#### Task to carry out
Set down without change every line from the line that contains "CLEMENTONI 25293" through the end of the listing, and only those lines. No pictures.
================
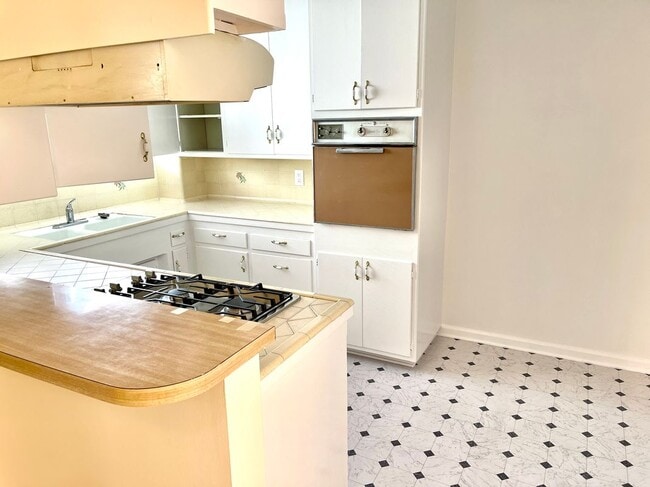 Foto del edificio - 1822 Sherer Ln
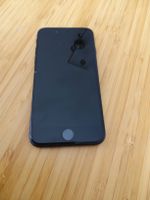 Apple Iphone SE2020 mit icloude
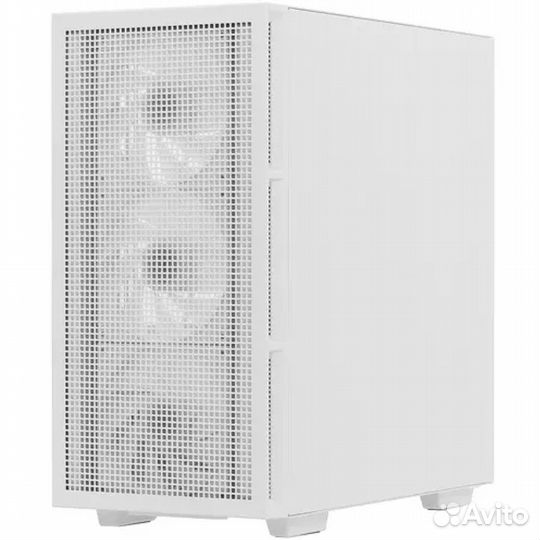 Компьютерный корпус Deepcool R-CH560-whape4D-G-1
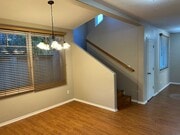 Photo - 3 Bedroom Home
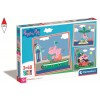 CLEMENTONI 25293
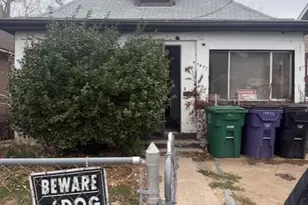 4442 Fillmore St, Denver, CO 80216 - Photo 1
================
#### Solution to the problem
 CLEMENTONI 25293
 4442 Fillmore St, Denver, CO 80216 - Photo 1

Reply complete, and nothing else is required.